**PROBLEM:** Would you reproduce the whole listing exactly, minus its images?

Content starts

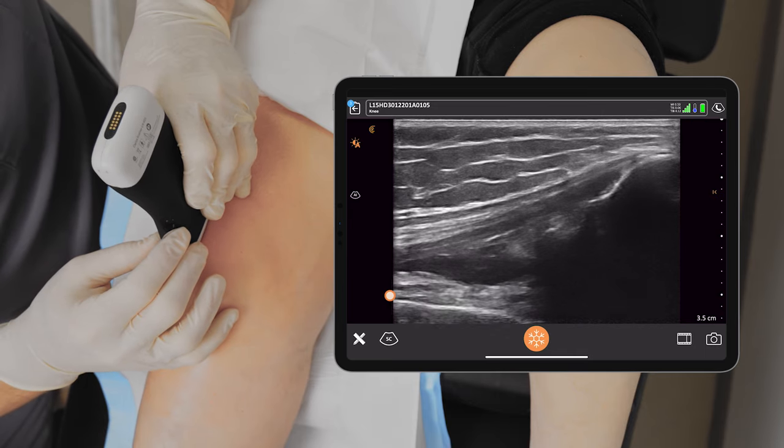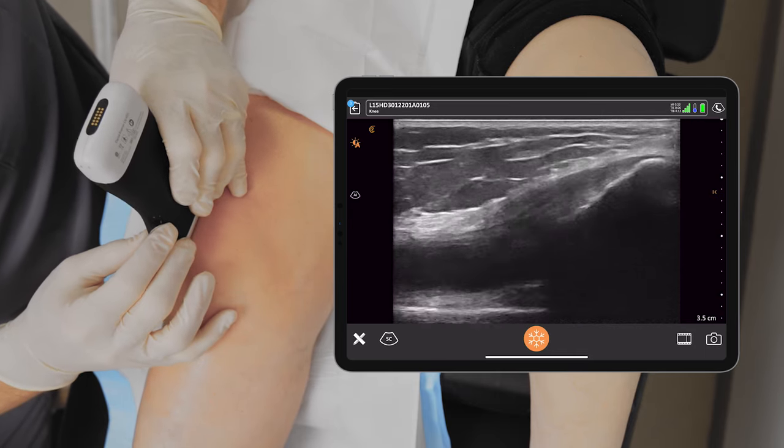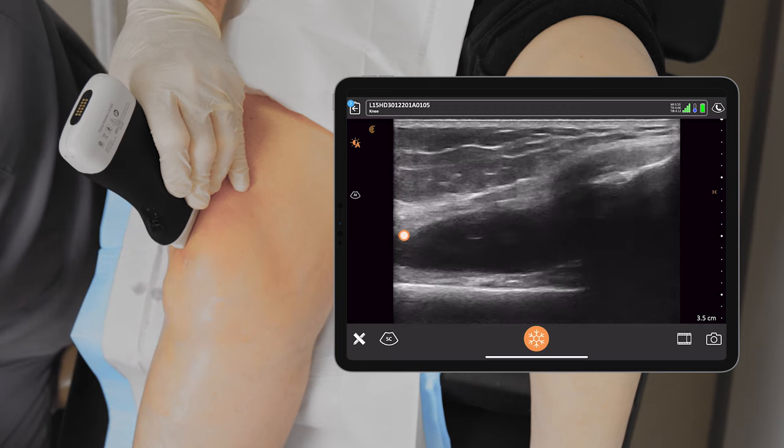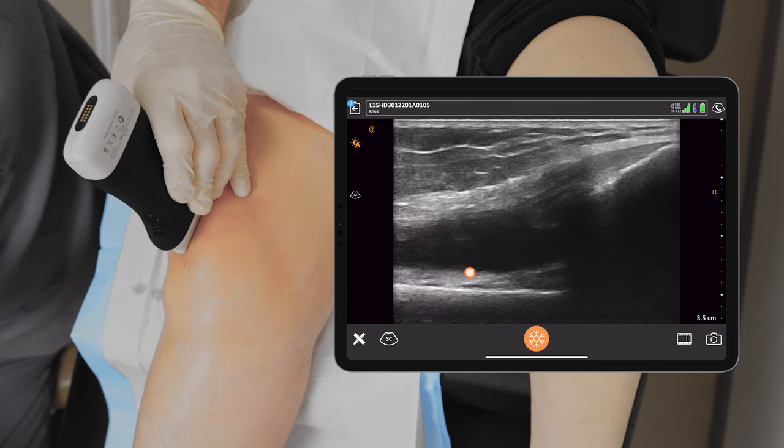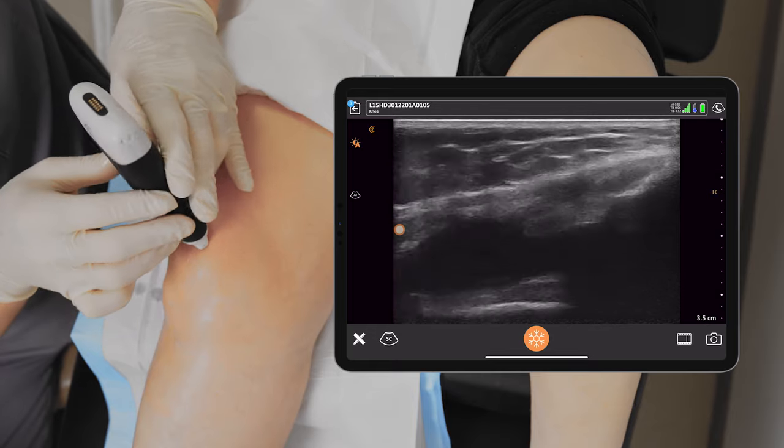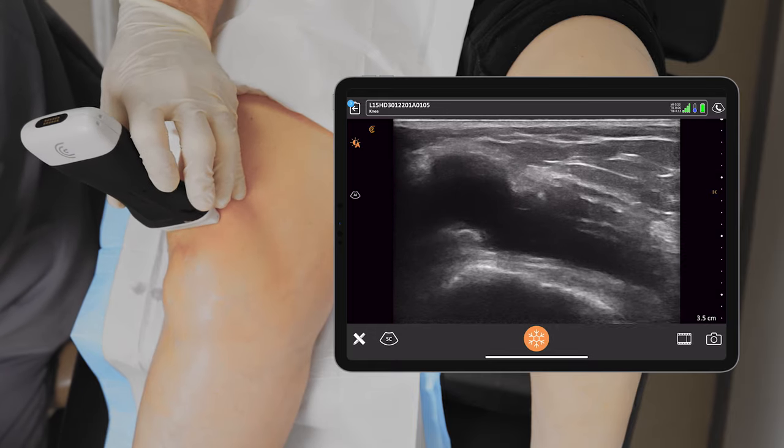If I slide my probe to the lateral third of the patella, that's usually where the greatest amount of effusion is. I'll then rotate the probe 90 degrees and we can see the effusion there.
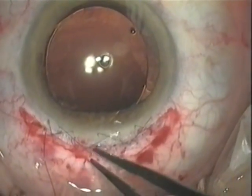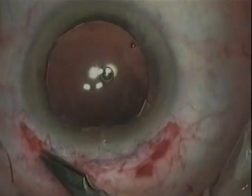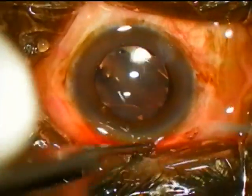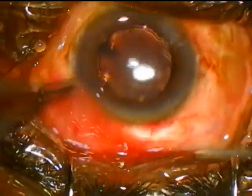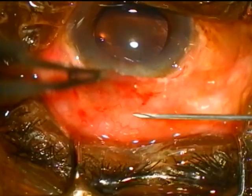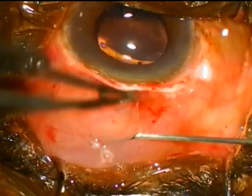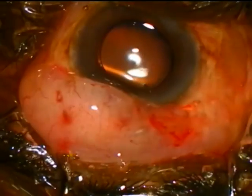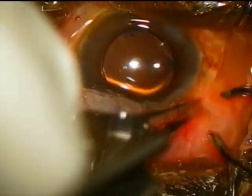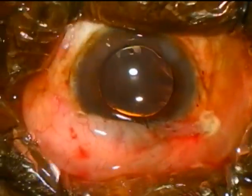The running boot lace suture is tightened before completing the knot. Finally, the conjunctival flap is brought down over the wound and secured, either with cautery or a single suture. A sub-conjunctival injection of steroid and antibiotic given into the upper conjunctival flap helps to bring it down and secure it in place.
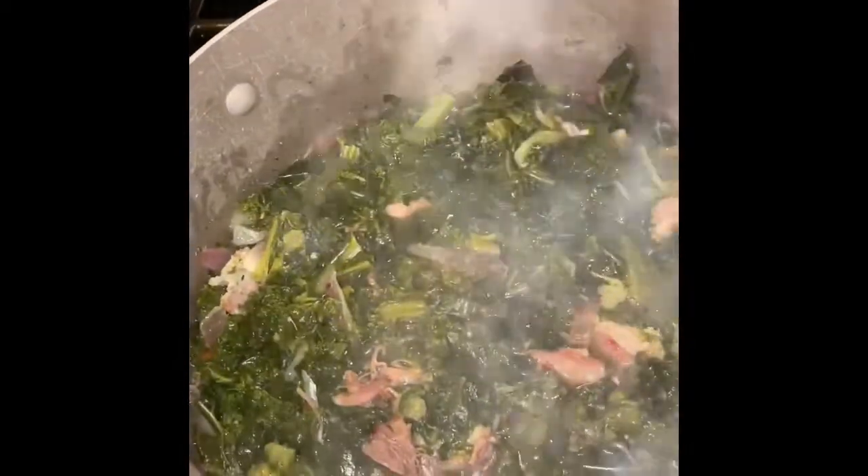Hey y'all, it's Lady C in the place to be! We are cooking up some collard greens today. Got some collard greens that were blanched, took them out, put the meat in them, cut up some onions, seasoned them up — the collard greens are going down tonight.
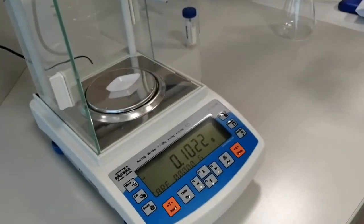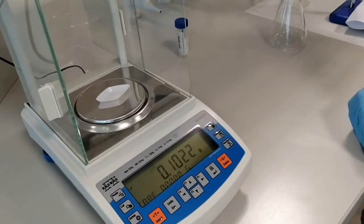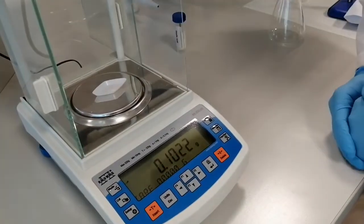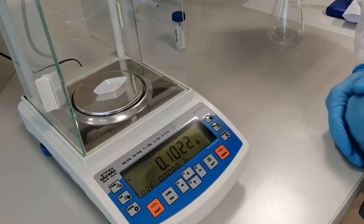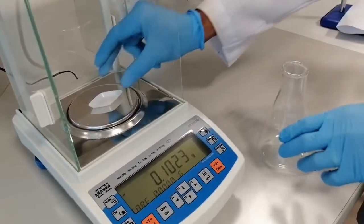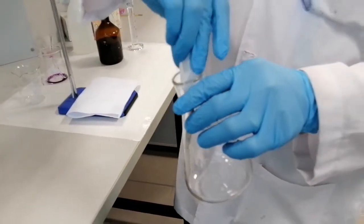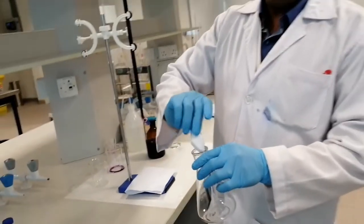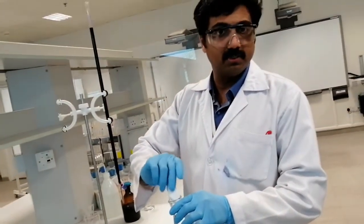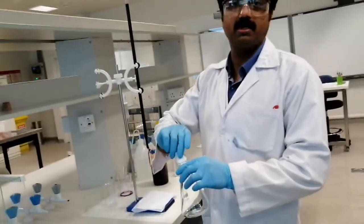Now we're going to do the second trial. For the second trial, I measured the oxalic acid — it weighed 0.1022 grams, as shown on the balance screen. I'll transfer it into the Erlenmeyer flask, dissolve it in sulfuric acid, go back to my burette, and start the titration.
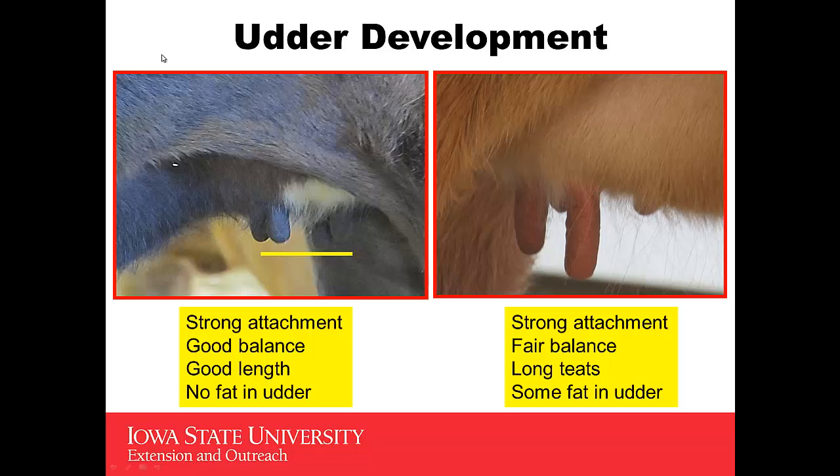Udder development is very, very important, because we're expecting these heifers to raise babies. As you look at the heifer and the udder on the left, you'll see that she has a strong attachment with good balance, good length, and very little fat evidenced in the front of her udder. Contrast the one on the right — she also has strong attachment, but the front teat is much longer than the rear teat, her teats are a little longer than I'd like to see, and we're starting to see some evidence of a little more fat in that udder.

Content ends

**ANSWER BELOW:**
If I slide my probe to the lateral third of the patella, that's usually where the greatest amount of effusion is. I'll then rotate the probe 90 degrees and we can see the effusion there.
The running boot lace suture is tightened before completing the knot. Finally, the conjunctival flap is brought down over the wound and secured, either with cautery or a single suture. A sub-conjunctival injection of steroid and antibiotic given into the upper conjunctival flap helps to bring it down and secure it in place.
Hey y'all, it's Lady C in the place to be! We are cooking up some collard greens today. Got some collard greens that were blanched, took them out, put the meat in them, cut up some onions, seasoned them up — the collard greens are going down tonight.
Now we're going to do the second trial. For the second trial, I measured the oxalic acid — it weighed 0.1022 grams, as shown on the balance screen. I'll transfer it into the Erlenmeyer flask, dissolve it in sulfuric acid, go back to my burette, and start the titration.
Udder development is very, very important, because we're expecting these heifers to raise babies. As you look at the heifer and the udder on the left, you'll see that she has a strong attachment with good balance, good length, and very little fat evidenced in the front of her udder. Contrast the one on the right — she also has strong attachment, but the front teat is much longer than the rear teat, her teats are a little longer than I'd like to see, and we're starting to see some evidence of a little more fat in that udder.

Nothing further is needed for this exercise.